Start of Data under study

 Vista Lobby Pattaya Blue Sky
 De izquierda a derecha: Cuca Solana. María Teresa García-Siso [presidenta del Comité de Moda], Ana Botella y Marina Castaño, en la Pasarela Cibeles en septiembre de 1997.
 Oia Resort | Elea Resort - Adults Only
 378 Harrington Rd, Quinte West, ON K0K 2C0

End of Data under study
Start of Data under study

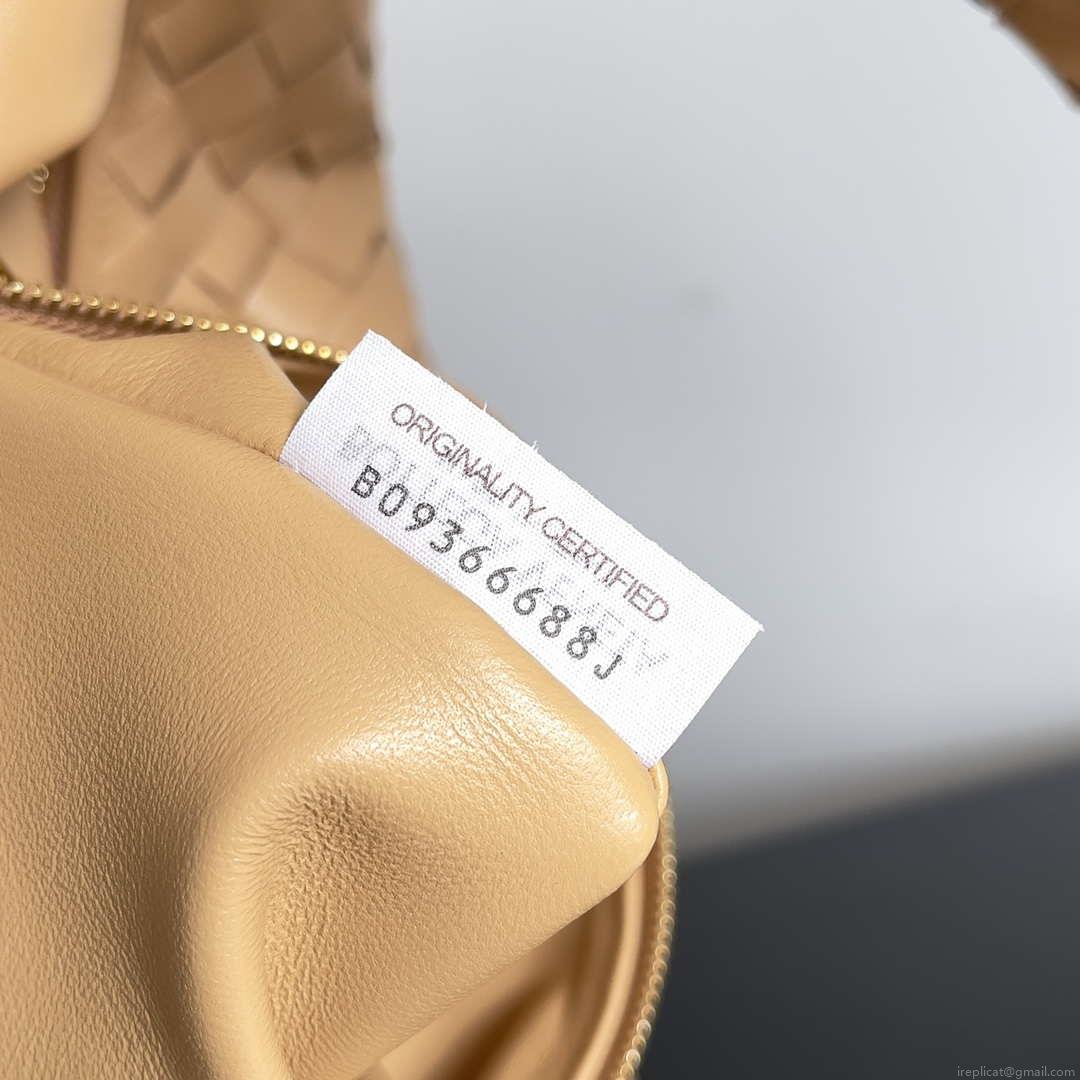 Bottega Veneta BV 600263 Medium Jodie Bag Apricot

End of Data under study
Start of Data under study

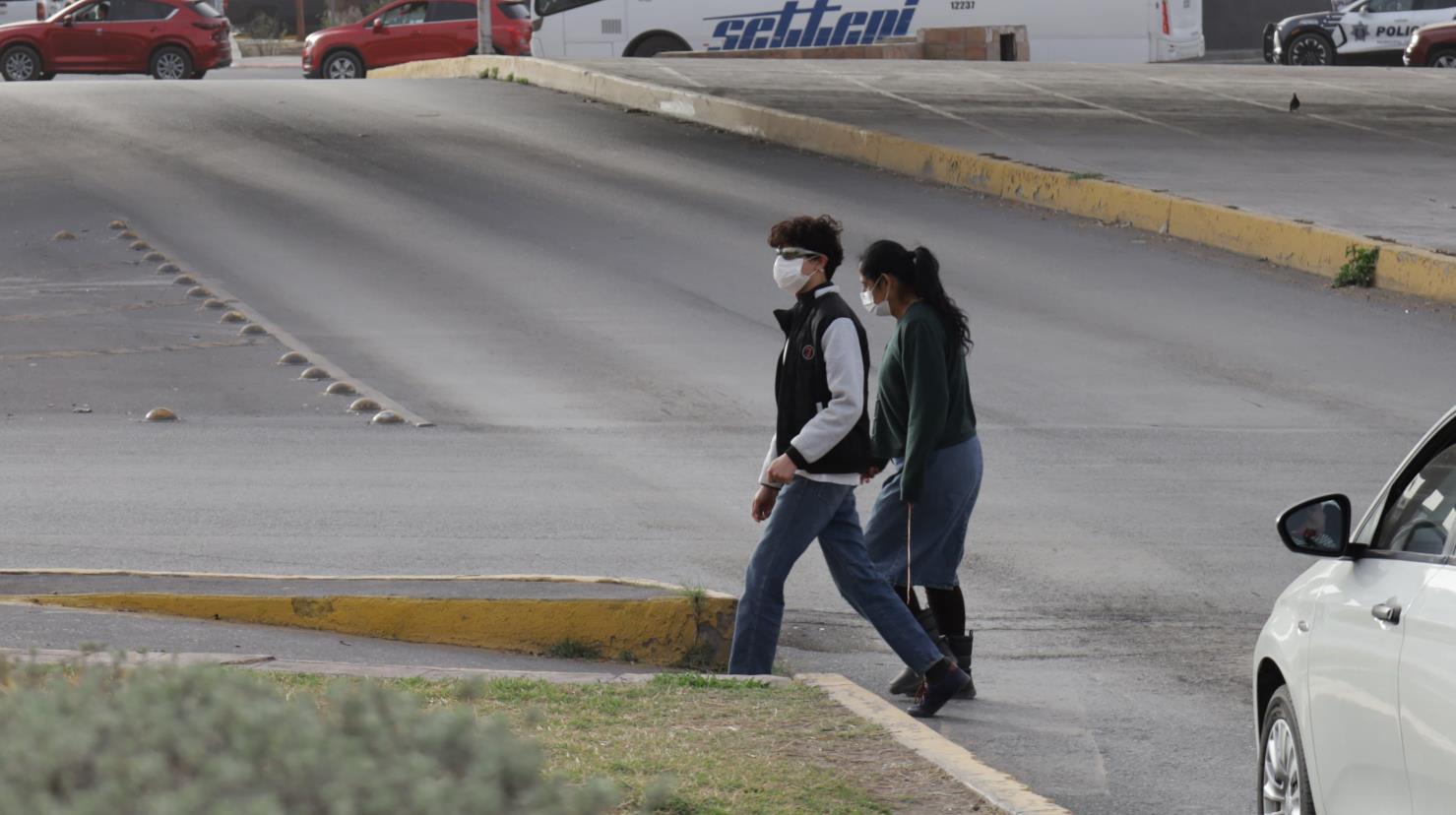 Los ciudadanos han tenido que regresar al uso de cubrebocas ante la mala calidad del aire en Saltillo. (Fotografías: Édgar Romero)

End of Data under study

Exercise:
Find "Vista Lobby Pattaya Blue Sky" in the entries above and copy that whole line exactly, then each line after it through the line that contains "Oia Resort | Elea Resort - Adults Only".

Your solution:
 Vista Lobby Pattaya Blue Sky
 De izquierda a derecha: Cuca Solana. María Teresa García-Siso [presidenta del Comité de Moda], Ana Botella y Marina Castaño, en la Pasarela Cibeles en septiembre de 1997.
 Oia Resort | Elea Resort - Adults Only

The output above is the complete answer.